The “superhead” of an academy school, who was praised by education secretary Michael Gove, drained more than £100,000 in consultancy fees that were “not legitimate”, a report has found.
Michael Wilkins, head of the Outwood Grange College academy in Wakefield, West Yorkshire, grabbed around £147,000 in consultancy fees over two years and was effectively “paid for travelling from home to work”.
Gove had praised Wilkins as a “great school leader”. But a shocking audit report by Wakefield council found that he drained more than £100,000 from the school.
The report, made public after a freedom of information request, found “a significant breakdown in appropriate standards of governance and accountability”.
Wilkins was paid £500 a day for work he undertook as part of the National Leaders of Education initiative—a body of “outstanding” headteachers.

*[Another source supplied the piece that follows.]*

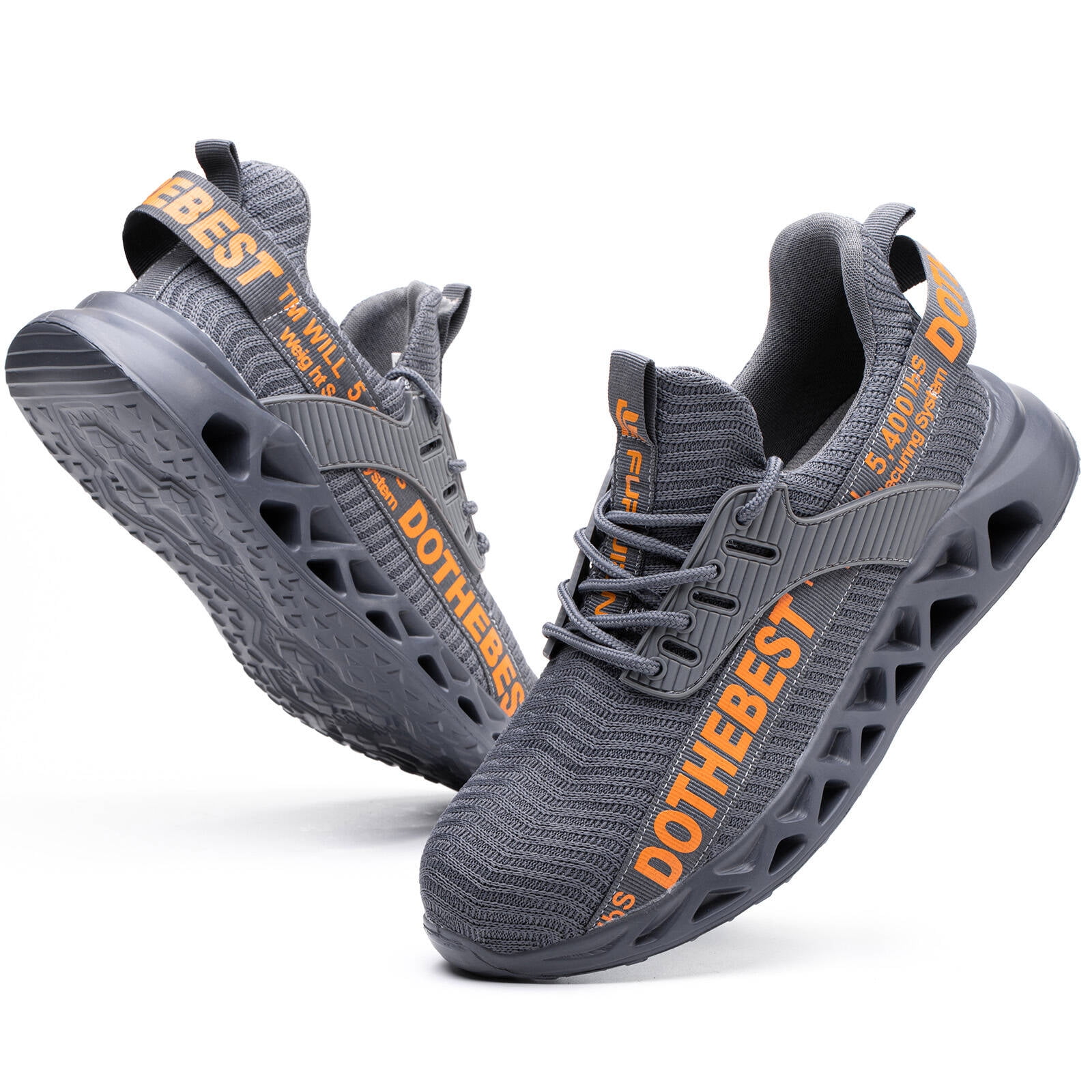 Furuian Steel Toe Sneakers for Men Women Lightweight Safety Shoes ...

The payments were made to a limited company, Challenge Leadership Ltd, which the audit report describes as “reportedly set up by Mr Wilkins for tax purposes”.
The extra money supplemented his regular earnings of £236,000 over the two-year period. Wilkins also got around £7,000 in mileage expenses, some of which was not legitimate, says the report.
Wakefield council’s solicitor advised in 2010 that Wilkins had been overpaid in fees by around £90,000 plus travel expenses. Wilkins denies this.
The school may also have kept money raised for charity.
Between 2004 and 2009 around £21,500 was held in the academy’s charity account. Some £18,700 was due to charities but only £3,600 was paid in this period.
Some funds appeared to go to the school’s general fund instead.